Your assignment:
Copy exactly the lines of the data below, beginning with the line with "1505 Emerald Cir, Kearney, MO 64060" and ending with the line with "Campbellsport Apartment |". Pictures are to be omitted.

Records:
-----

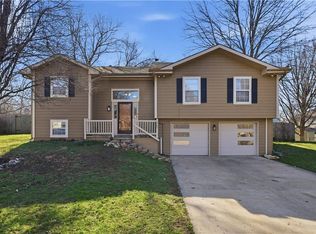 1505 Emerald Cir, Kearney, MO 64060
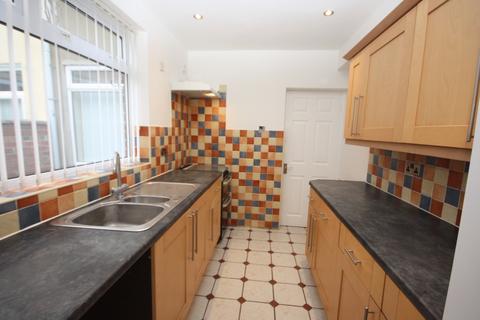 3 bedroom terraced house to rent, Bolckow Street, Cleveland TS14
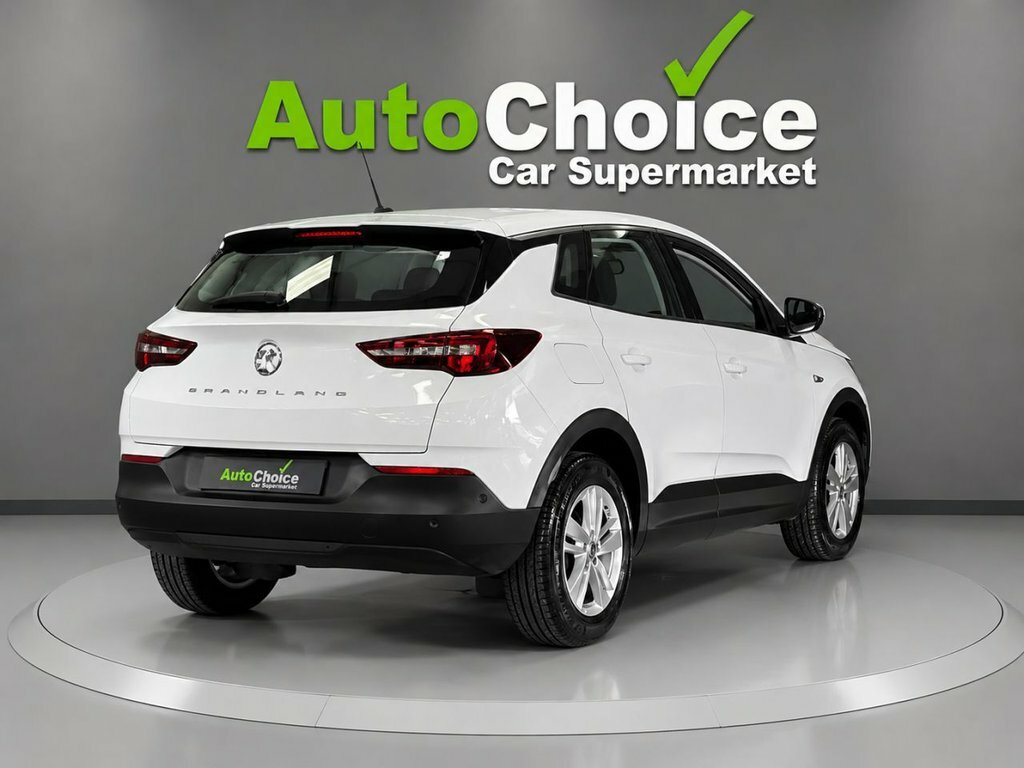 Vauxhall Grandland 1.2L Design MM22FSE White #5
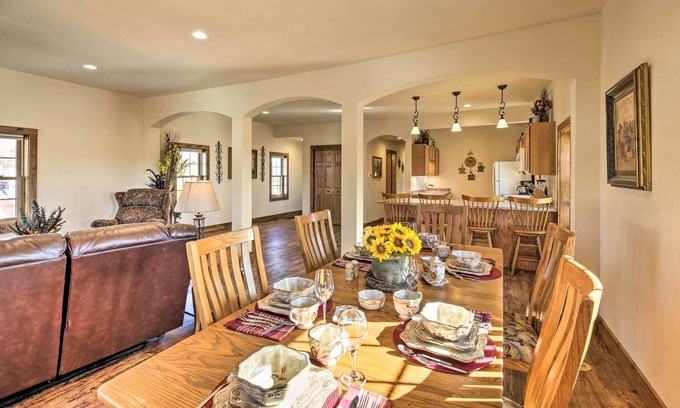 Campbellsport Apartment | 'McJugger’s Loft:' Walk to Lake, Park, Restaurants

-----

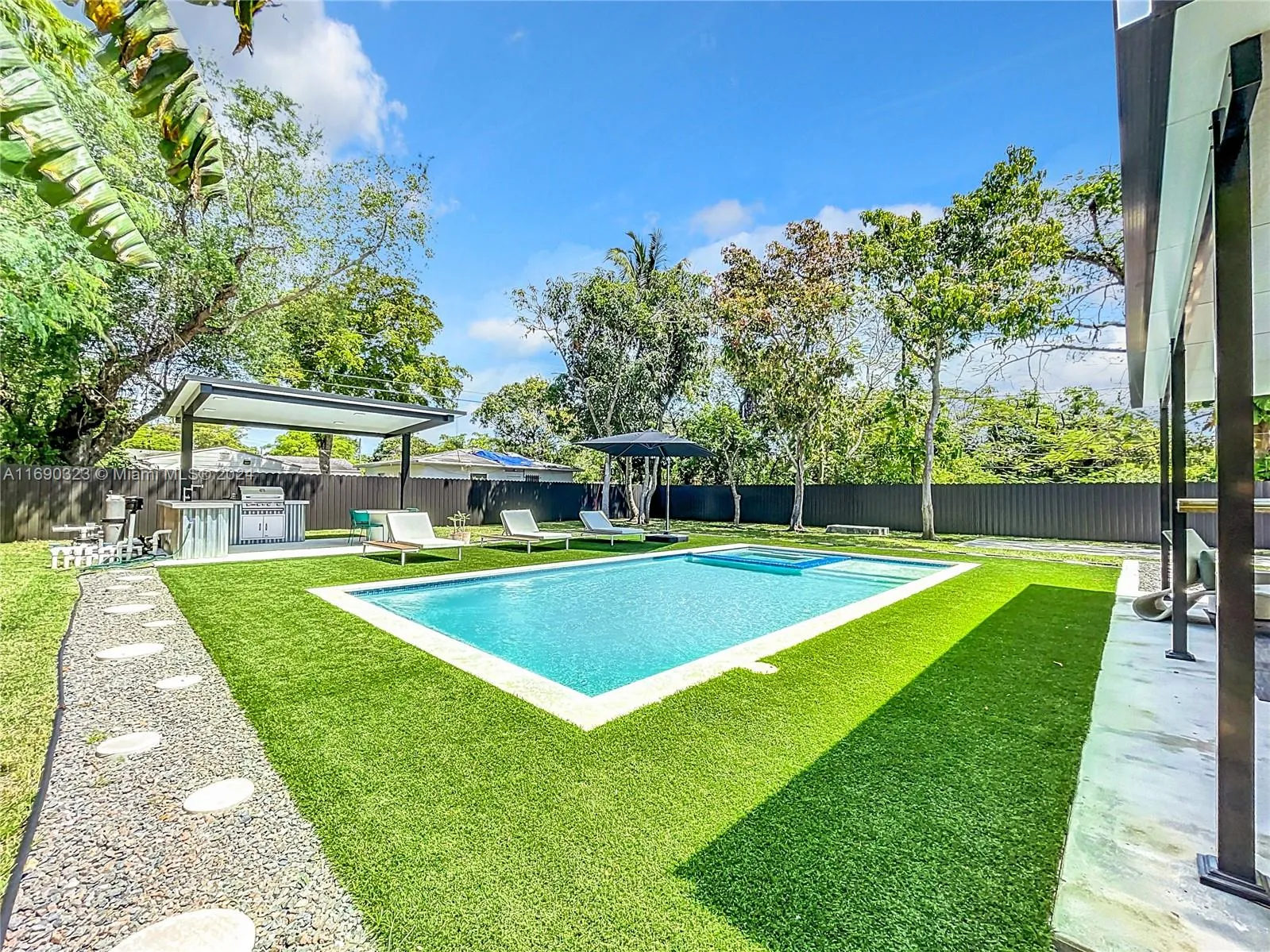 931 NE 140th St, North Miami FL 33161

-----

Solution for this problem:
 1505 Emerald Cir, Kearney, MO 64060
 3 bedroom terraced house to rent, Bolckow Street, Cleveland TS14
 Vauxhall Grandland 1.2L Design MM22FSE White #5
 Campbellsport Apartment | 'McJugger’s Loft:' Walk to Lake, Park, Restaurants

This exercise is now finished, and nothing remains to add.